Soon others followed suit and Amazon etc joined the party. But Apple and iTunes made it the most current way to get music.
A few years ago Spotify and Rdio launched. They were saying that people didn’t need to actually own music, they just needed to listen to it. People paid a monthly subscription and that opened the doors to almost any song ever written. It’s taken a while but gradually streaming has grown. The problem for anyone earning a living from music is that the payment per stream is tiny, but there was no denying it, it was the way things were heading, but streaming hasn’t entered the mainstream.

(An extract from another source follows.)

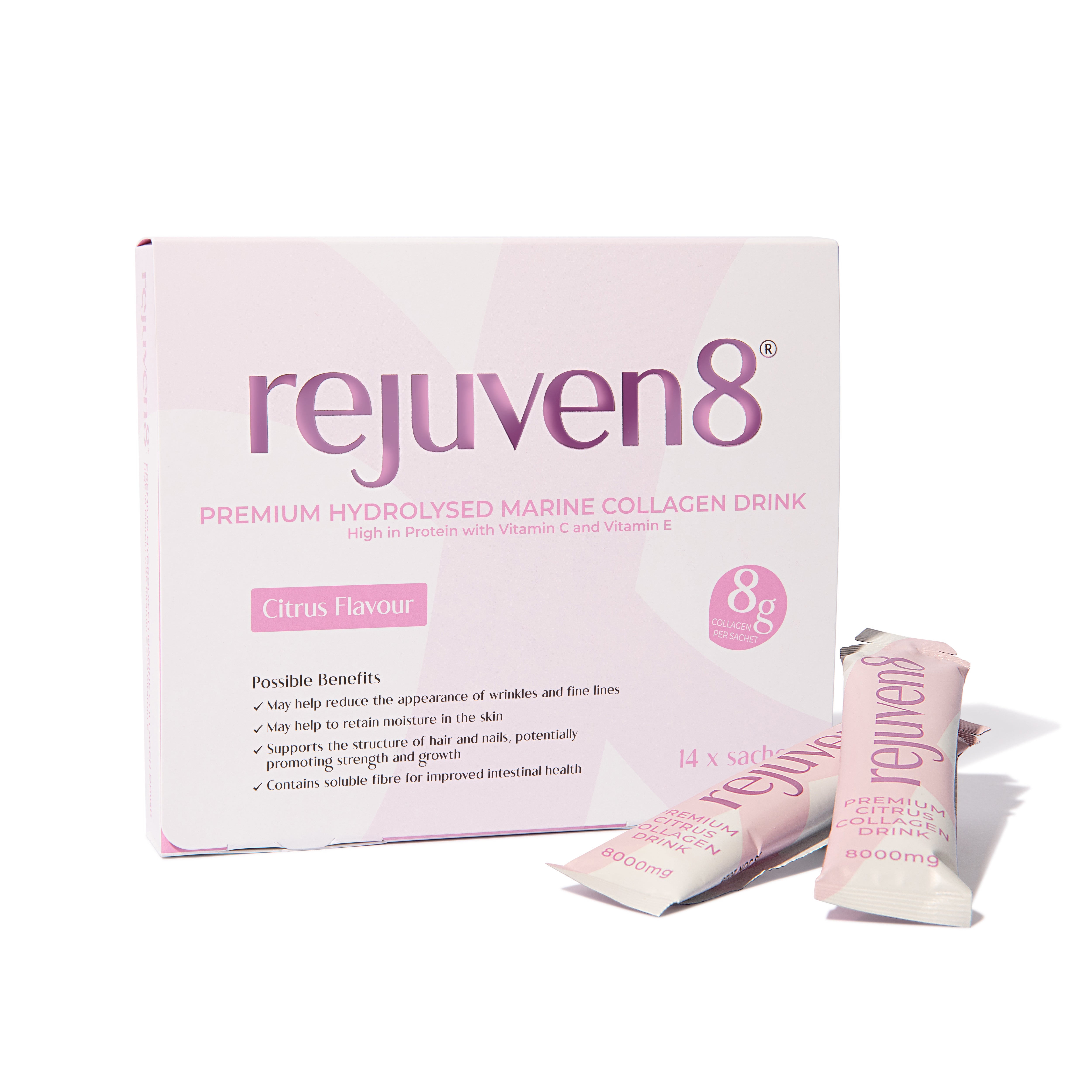 Rejuven8 Premium Hydrolysed Marine Liquid Collagen Drink 8000mg, 14 sachets 14 x 30ml (14 day supply)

At 5pm UK time Apple are launching Apple Music. It’s an upgrade for iTunes (on both Mac and PC) and iOS (Android app is coming in the Autumn), and it’s their streaming service. Apple are a force to be reckoned with in the music industry so this could change everything. It could bring streaming into the mainstream.
It’s very attractive. There’s a three month free trial which is generous, and after a little kerfuffle with Taylor Swift Apple are now paying streaming royalties during that time. They are also paying a little more per stream than Spotify, and there is no free add-supported tier. They are launching a worldwide internet radio station, Beats 1, and Apple Music will also have a ‘connect’ feature which will mean that musicians will be able to post videos, demos, updates etc on their Apple Music profile (I’ve applied for mine but haven’t had anything through just yet). It all sounds good so far.
As someone who puts food on the table through music I am a little worried. I don’t know what would happen if everyone stopped buying CDs and downloads and opted for streaming. I don’t know whether that would allow me to keep doing what I do, the way I do it. One thing is for sure, the landscape of music will change after 5pm this afternoon. I’ll be ready for iOS 8.4 and am open to whatever the future brings. My music will be on there from launch.
Do you still buy CDs? Downloads? Or have you already opted for a streaming service? Do you think streaming is good for music?